Biking Across Canada Day 30—Kenora to Caliper Lake: This Summer I Went Swimming…

…This summer I might have drowned
But I held my breath and I kicked my feet
And I moved my arms around
Moved my arms around

“Swimming Song”, performed by Kate & Anna McGarrigle, written by Louden Wainwright III.

Today I finally caught up on all that swimming I’d been missing out on in the mountains and prairies, as the glaciers left behind lots of lakes and swimming holes to choose from. The McGarrigles’s Swimming Song has been a favourite of mine for a long time, and each summer I try to check off as many of the lyrics as I can: swimming in the ocean; a resevoir; informally; in my swimming suit.

Swimming spot #1

I knew I didn’t have a lot of distance to travel today, so I slept in a bit. I was also dependent on a boat ride off the island, so a late morning helped there (though I guess I could have taken a canoe into town). I still managed to hit the road before nine.

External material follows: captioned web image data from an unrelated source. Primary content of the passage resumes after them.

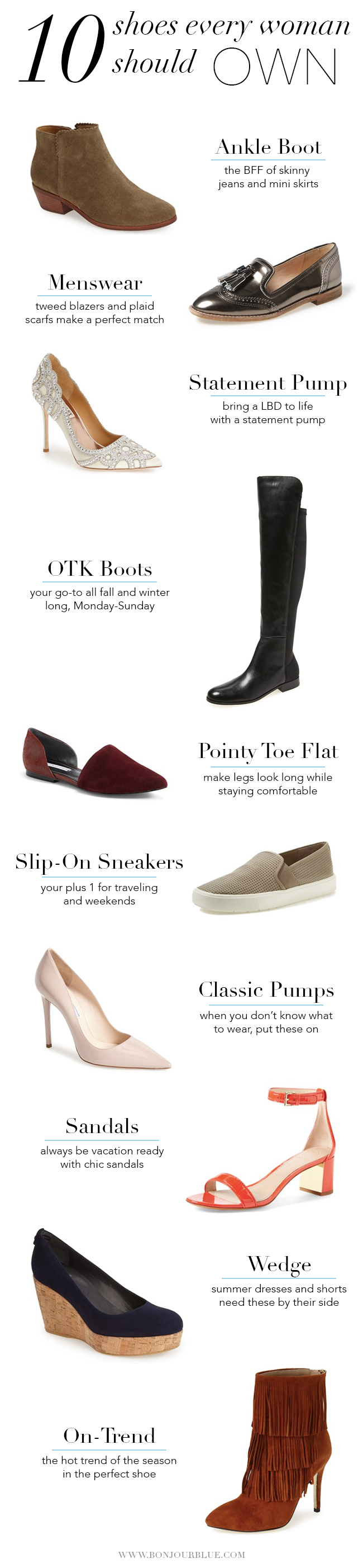 10 Shoes Every Woman Should Own - Bonjour Blue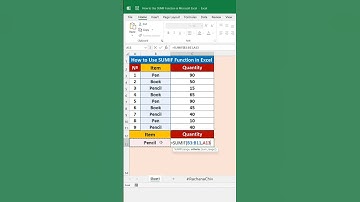 SUMIF Formula in excel | advanced excel tutorial #excel #exceltips #exceltutorial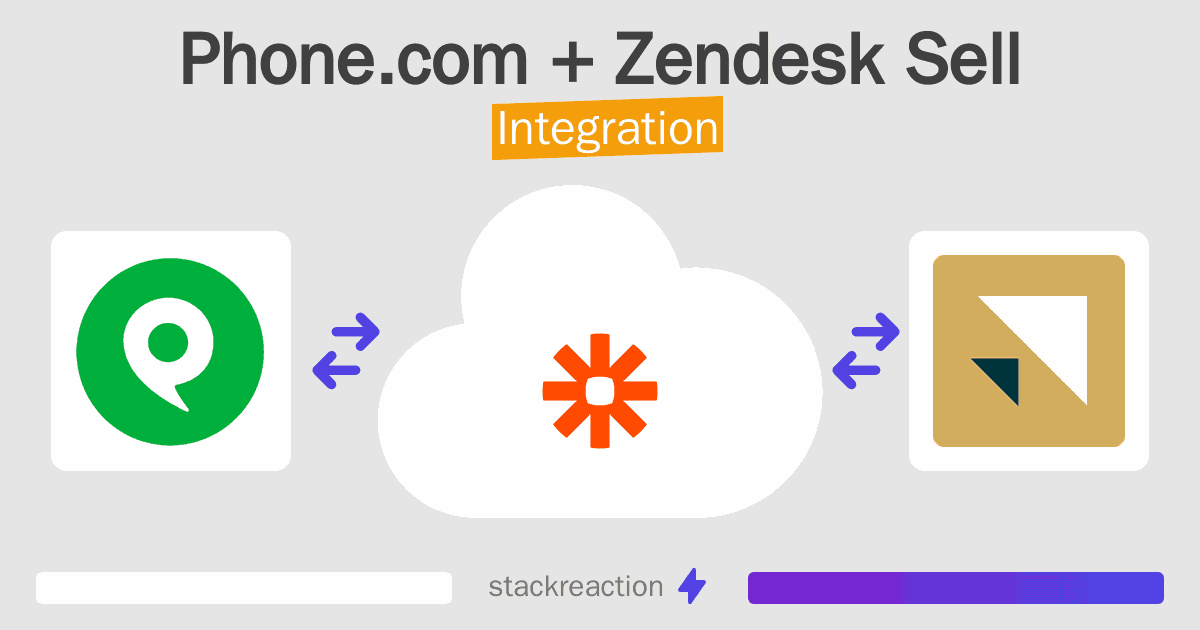 Phone.com and Zendesk Sell Integration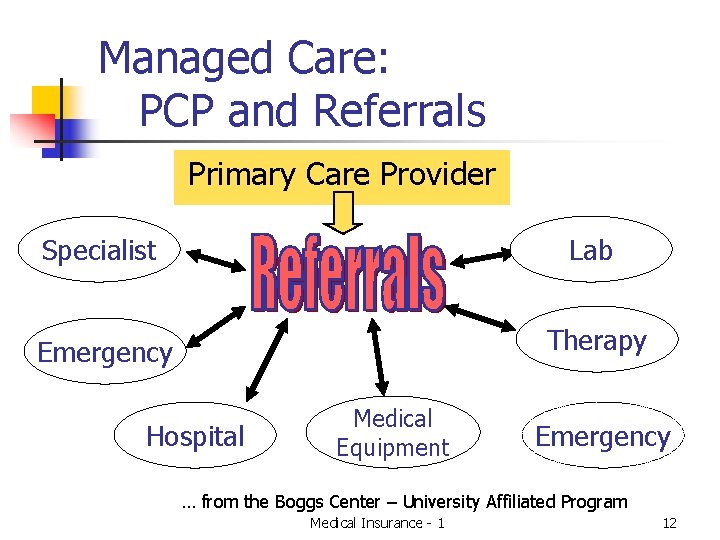 Managed Care: PCP and Referrals Primary Care Provider Specialist Lab Emergency Therapy Hospital Medical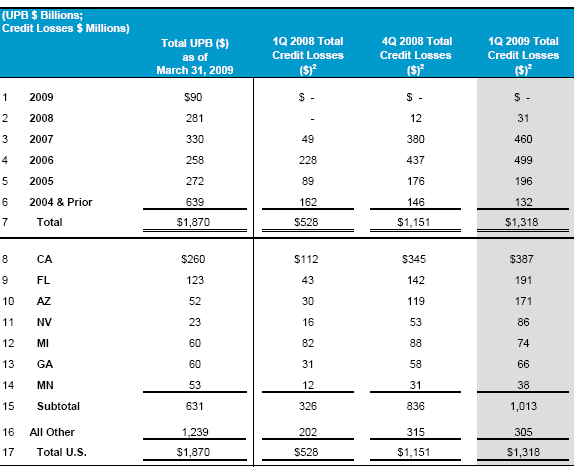 credit-losses-by-state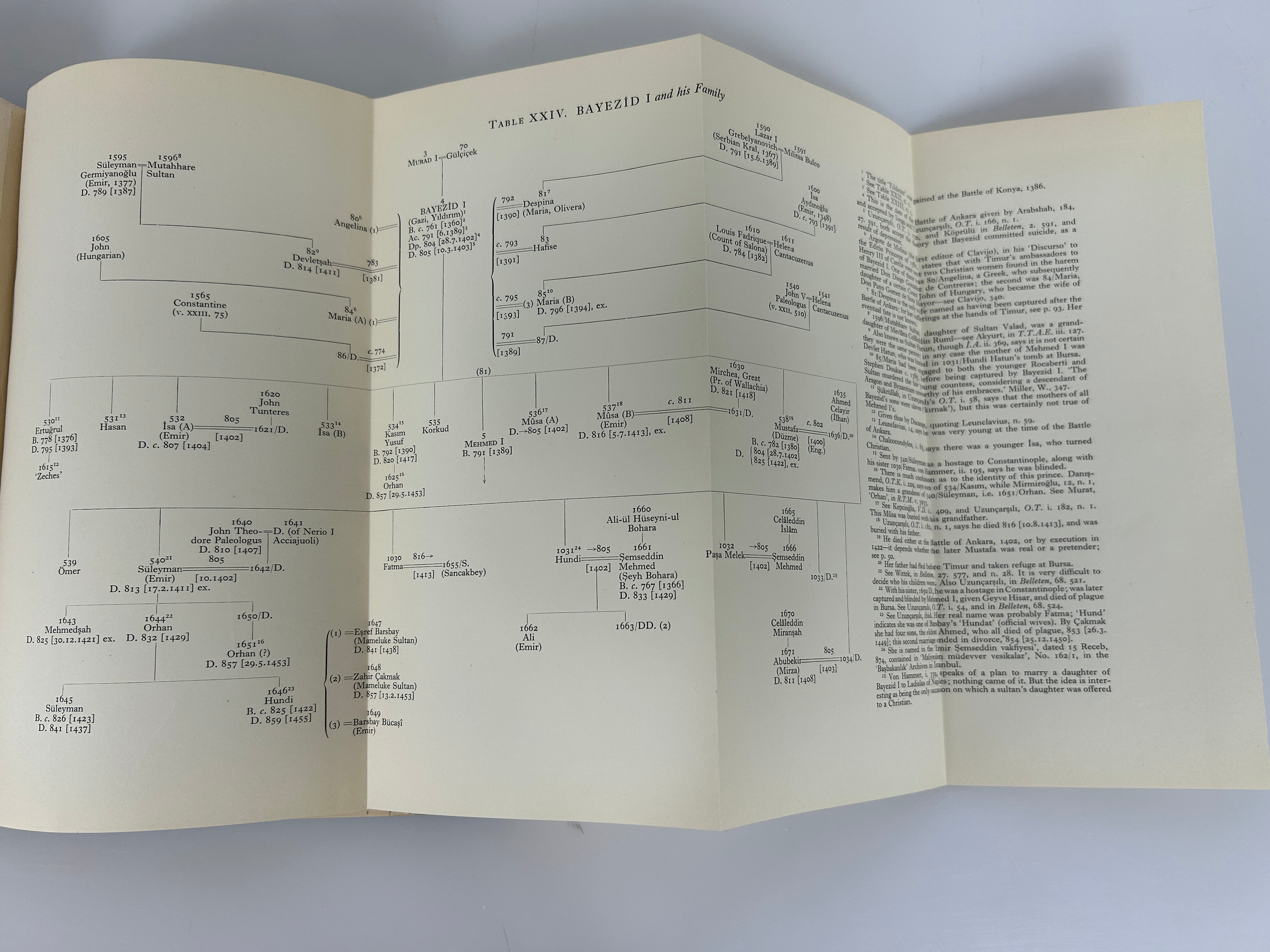 Henri IV & Marie de Medicis by Berthold Zeller Rare 1877(French) Ex-Library HC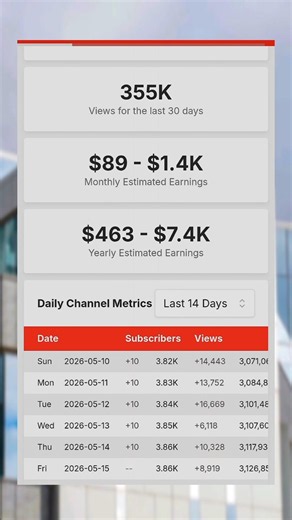Monthly Earning on YouTube 😱। Social Blade Analytics 🔥!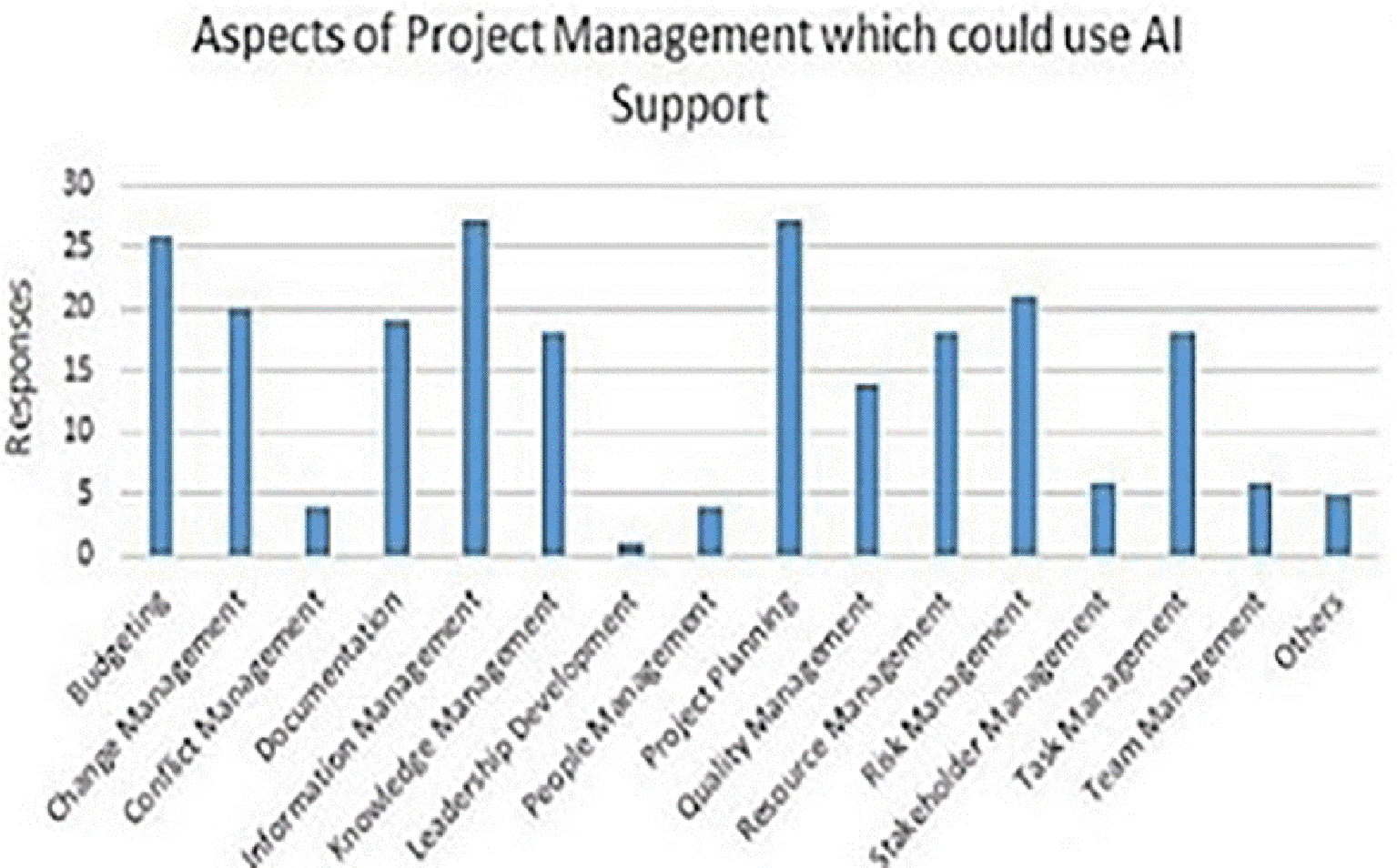 Artificial Intelligence in Project Management:... | F1000Research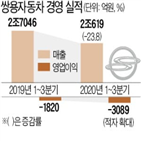 쌍용차,신청,법정관리,회생절차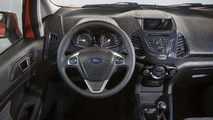2017  Ford Ecosport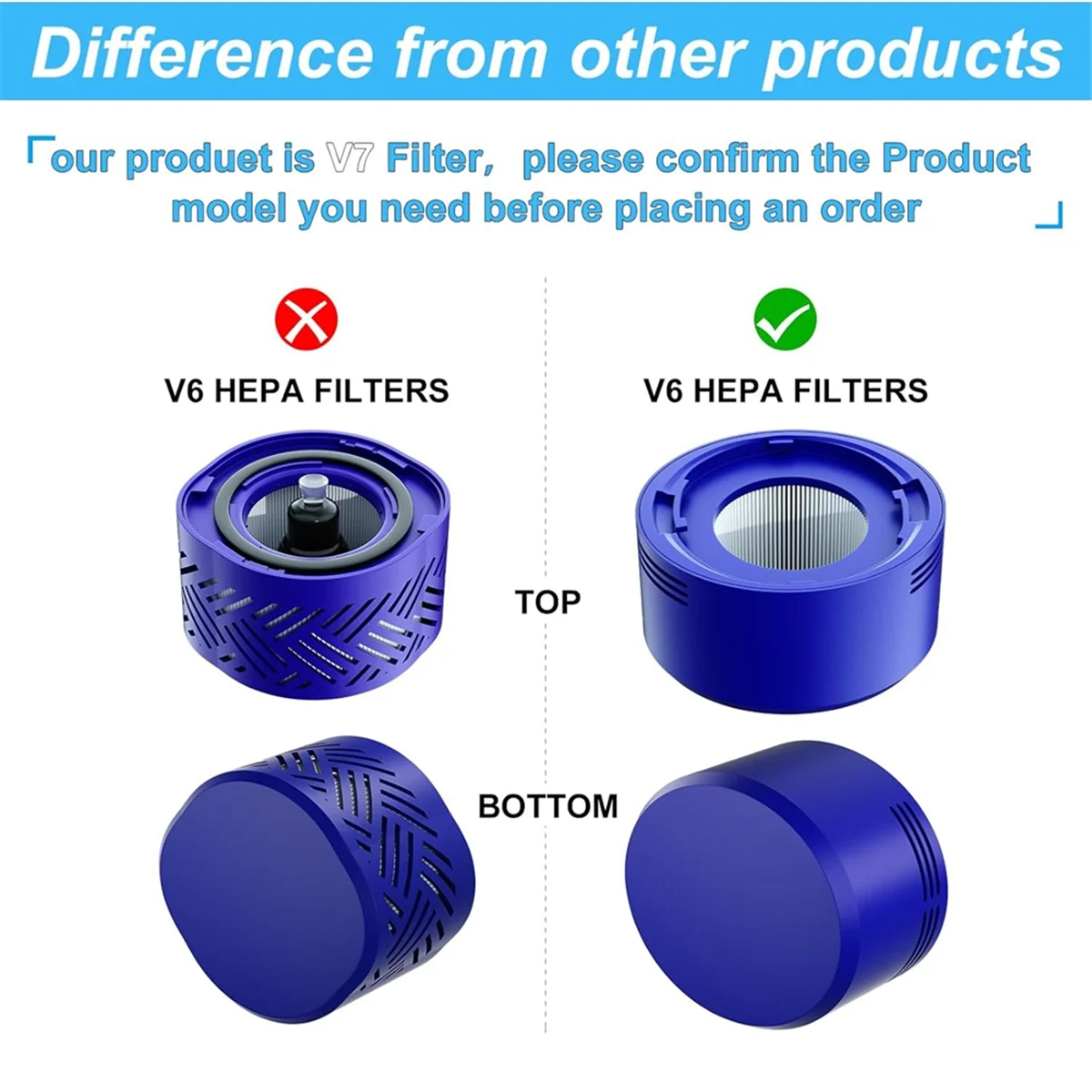 AC66 pour Dyson V7 V8 SV10 filtres pièces de rechange 3 post-filtres et 5 pré-filtres, pièce de rechange 965661 -01 & 967478 -01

R-L: My cousin Shannon, her husband Phil, Uncle Bill, Aunt Eleanor, and me

The roads were beautiful today. Winding, slightly hilly, with no shortage of trees and rocks to look at. I stopped at Graphic Lake for a swim, where there a was a little campsite and trailhead right off the highway. The weather was warm enough that I didn’t need to towel off; I just threw my clothes on and hopped on the bike, knowing I’d dry off as I rode.

An early-morning rest stop. Sadly, the plaque was missing from the obelisk.
Graphic Lake

I reached Sioux Narrows in the afternoon where I rode over what used to be the longest single-span wooden bridge in North America, but has since been reconstructed as a steel bridge with wooden cladding to preserve the original appearance. While I was there I stopped at Iron & Clay for a latte and homemade whoopie pie. It’s the sort of cafe where more people arrive by boat than car.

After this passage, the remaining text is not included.